Controlo há pouco por ali. Marcelo, o candidato imprevisível, faz ações fora do guião. Quis ir à missa em Santa Maria da Feira, foi. Se o nome da igreja – dos Passionistas – poderia fazer estranhar os mais desatentos, Marcelo acrescentou mais acasos ao dia. Santa Maria da Feira, curioso sítio, diria. Ou que “coincidência espantosa”. Rewind vinte anos para “outra encarnação” de Marcelo.

1996. Há frases que se agarram à pele das pessoas. Marcelo tem muitas. “Não serei candidato, não, não e não. Nem que Cristo desça à terra”, disse antes do XVIII congresso do PSD. Cristo desceu e Marcelo foi eleito líder do PSD no congresso de Santa Maria da Feira. Passadas duas décadas, é o próprio candidato presidencial que recorda o episódio, tudo porque dormiu no mesmo quarto num hotel. Embalado pelas coincidências, que podem não o ser, o professor candidato decidiu relançar a campanha para a última semana: “Começa aqui a vitória!”, disse já à noite em Aveiro.

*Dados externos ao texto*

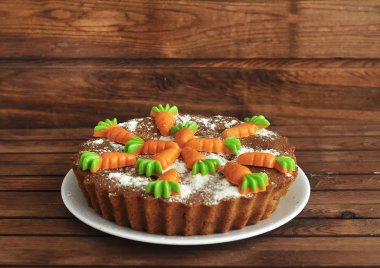 carrot cake with walnuts, Apple . against a dark wood background. Decorated with small carrots.  With a piece cut off.  piece of cake. piece of cake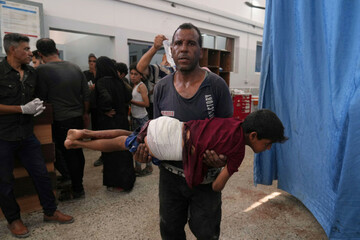 a-man-carries-a-child-who-was-wounded-in-an-israeli-strike-after-being-treated-in-the-shifa-hospital-gaza-city-monday-june-30-2025-ap-photojehad-alshrafi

Mas até lá o candidato faz contagem decrescente e inspirado pelos “princípios evangélicos” diz que não responde aos adversários:”Eu não me irrito”, disse a uma popular em Aveiro. E o que faz o candidato? “Dou a outra face”. Conta 1, 2, 3, 4, 5… “quando chegar a 100 já é dia das eleições”. Nesse dia, pelo qual o candidato já suspira, espera gritar vitória porque “os portugueses querem humildade, simplicidade e convergência”. E querem uma “Presidência de afeto”. E este candidato tem “afeto” para todos os gostos.